Coots v. State
In Coots v. State, 826 S.W.2d 955 (Tex. App.--Houston 1st Dist. 1992, no pet.), the court of appeals reversed because the trial court's bailiff--who was not designated as a witness before trial--testified about the ease with which an electronic monitoring bracelet could be removed with pliers. Id. at 960.
His testimony undermined the defendant's alibi that he could not have committed the crime because his monitoring bracelet did not show he left his house. Id.
The State contended that it could not have known that it would use the bailiff's testimony before it heard the defense witnesses. Id.
The court of appeals held that the State should have known the defendant's strategy from his opening statement and should have notified the trial court that it would probably call the bailiff to testify.
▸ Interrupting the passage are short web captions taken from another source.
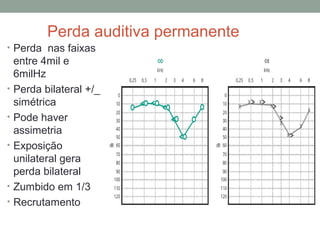 Perda auditiva permanente
• Perda nas faixas

•
•
•

•
•

entre 4mil e
6milHz
Perda bilateral +/_
simétrica
Pode haver
assimetria
Exposição
unilateral gera
perda bilateral
Zumbido em 1/3
Recrutamento

 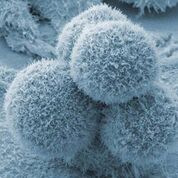 Imagen: Un estudio nuevo validó el uso de marcadores tumorales para seleccionar medicamentos de quimioterapia para pacientes con cáncer de páncreas metastásico (Fotografía cortesía de SPL).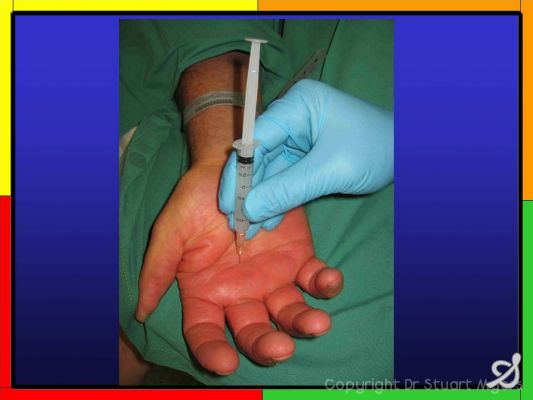 Cortisone Injections In The Hand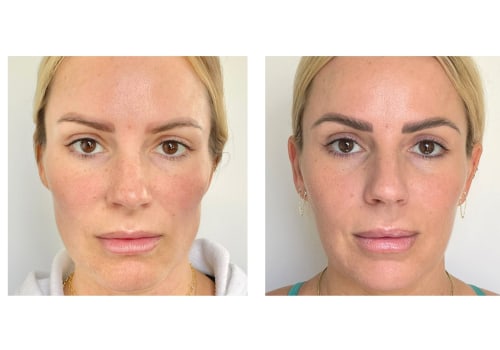 The Best Natural Fillers for a Youthful Look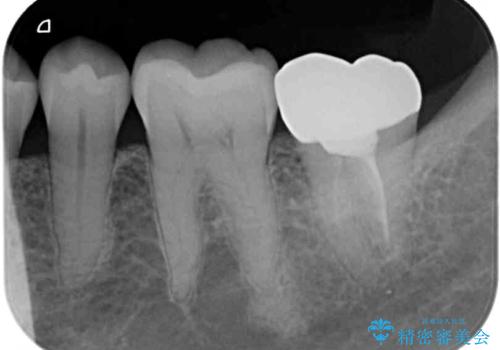 奥歯が割れた 神経が取り除かれた歯のセラミッククラウン治療の治療後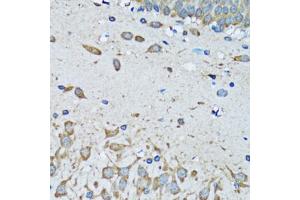 Immunohistochemistry of paraffin-embedded mouse brain using FDFT1 antibody (ABIN5973667) at dilution of 1/100 (40x lens). (FDFT1 antibody)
Id. at 960-61. The court held that the admission of the bailiff's testimony was error and that the error was "obviously harmful because the bailiff heard and contradicted vital testimony of two critical defense witnesses concerning the monitor." Id. (citing former Tex. R. App. P. 81(b)(2)).
The current substantial-rights standard is more challenging for appellants to meet.
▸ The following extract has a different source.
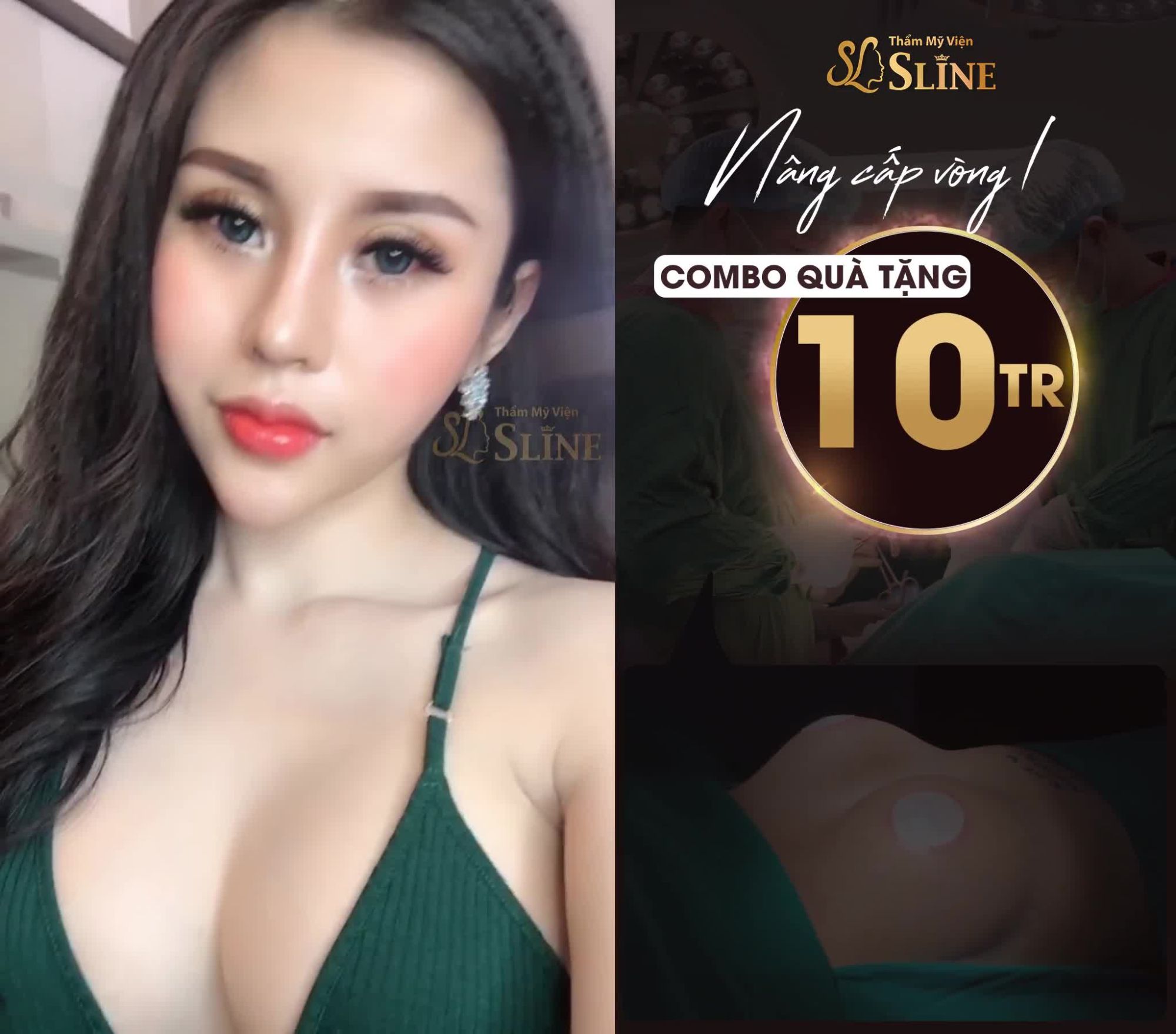 VÒNG 1 NỞ NANG - NHẬN NGÀN ƯU ĐÃI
Further, the facts on which the bailiff in Coots testified were apparent from the opening statement and critical to whether the defendant could have committed the crime. Coots, 826 S.W.2d at 960-61.
The Court of appeals held that the trial court abused its discretion by allowing a bailiff to testify as a rebuttal witness for the prosecution. Id. at 960-61.
The prosecution argued that the trial court did not have to exclude the bailiff from the courtroom because it did not plan on calling the bailiff as a witness until after the defense presented evidence that a electronic monitoring bracelet could only be removed by cutting it. Id. at 960.
However, the court of appeals determined that the bailiff should have been excluded because the prosecutor was aware that the defense was going to rely on the electronic monitoring bracelet to prove his alibi. Id. at 960-61.